Philosophy and psychology seek to answer profound questions about ourselves, our minds, our behaviour, and our place in the social and physical universe.
What makes us happy? Do humans display irrational biases? How can I, a physical being, have thoughts and emotions? How does science progress and can I trust it? By what moral authority does the state rule over me? How should wealth be shared out?
By studying this degree you’ll learn to: read and understand scientific and historical texts; construct and analyse arguments; understand and use a range of research methods; and express your ideas clearly and logically. These skills are relevant to a broad range of career opportunities, including media, marketing, financial and social services, administration and management.
Key features of the course
- Investigate profound questions about human minds and behaviour from two complementary perspectives
- Develop clear, logical thinking and communication skills
- Learn to construct and analyse informed, reasoned arguments
- Understand and use a range of research methods
This degree has three stages, each comprising 120 credits.
- At Stage 1 you’ll study two compulsory modules that will introduce you to arts and humanities and the study of psychology.
- Next, in Stage 2, you’ll study two further compulsory modules, one in each of philosophy and psychology.
- Finally, in Stage 3, you’ll study one compulsory philosophy module and choose from two psychology options.
We make all our qualifications as accessible as possible and have a comprehensive range of services to support all our students. The BA (Honours) Philosophy and Psychological Studies uses a variety of study materials and has the following elements:
- studying a mixture of printed and online material – online learning resources may include websites, audio/video media clips, and interactive activities such as online quizzes
- finding external/third party material online
- working in a group with other students
- working with specialist reading material such as works of art and musical manuscripts.

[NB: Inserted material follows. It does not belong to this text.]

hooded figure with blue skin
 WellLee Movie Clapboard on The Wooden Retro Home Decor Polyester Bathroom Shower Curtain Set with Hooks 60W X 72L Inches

Learning outcomes, teaching and assessment
This qualification develops your learning in four main areas:
- Knowledge and understanding
- Cognitive skills
- Practical and professional skills
- Key skills
The level and depth of your learning gradually increases as you work through the qualification. You’ll be supported throughout by the OU’s unique style of teaching and assessment – which includes a personal tutor to guide and comment on your work; top quality course texts; e-learning resources like podcasts, interactive media and online materials; tutorial groups and community forums.
There are no formal entry requirements for this qualification.
At The Open University we believe education should be open to all, so we provide a high-quality university education to anyone who wishes to realise their ambitions and fulfil their potential.
Even though there are no entry requirements, there are some skills that you'll need to succeed. If you're not quite ready for OU study we can guide you to resources that prepare you, many of which are free.
This degree is relevant to a broad range of careers, including:
- public administration, local government, the civil service, social services
- advertising, journalism, publishing, creative industries, public relations
- education and health
- management and human resources
- police and the law
- business, banking and retail
- charities, campaigning and policy development.